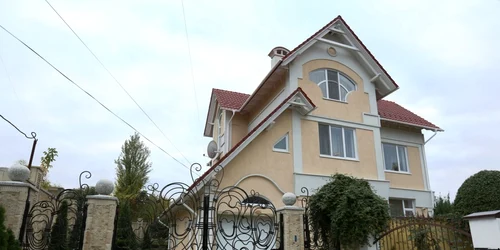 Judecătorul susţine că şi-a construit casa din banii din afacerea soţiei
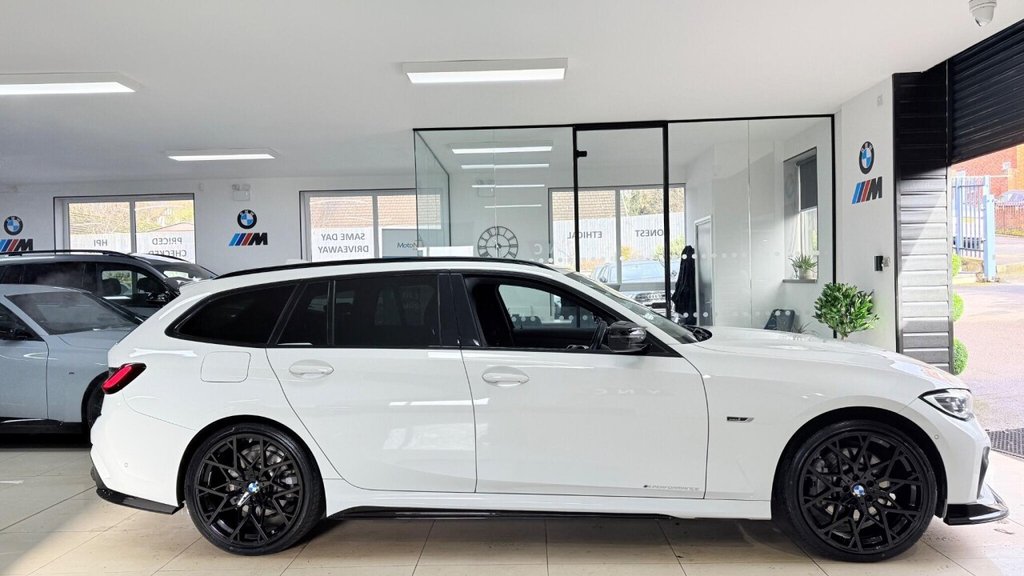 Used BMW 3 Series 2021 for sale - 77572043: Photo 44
————
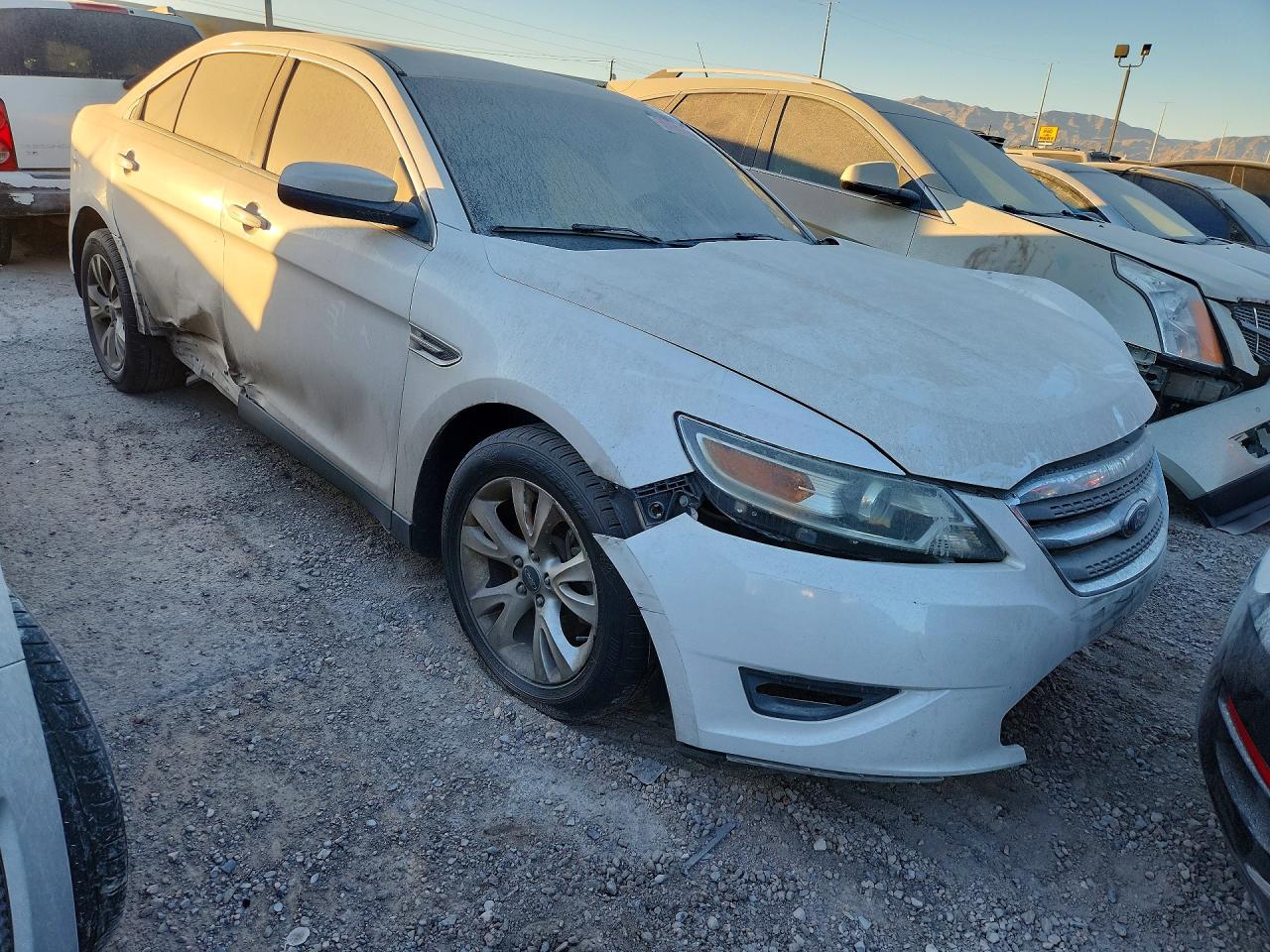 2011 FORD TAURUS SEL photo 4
————
▶ [EXERCISE OBJECTIVE]:
The copy should hold only the lines from the one with "Judecătorul susţine că" through the one with "Used BMW 3 Series", exactly as they stand above. Leave out the pictures.

▶ [EXERCISE ANSWER]:
 Judecătorul susţine că şi-a construit casa din banii din afacerea soţiei
 Used BMW 3 Series 2021 for sale - 77572043: Photo 44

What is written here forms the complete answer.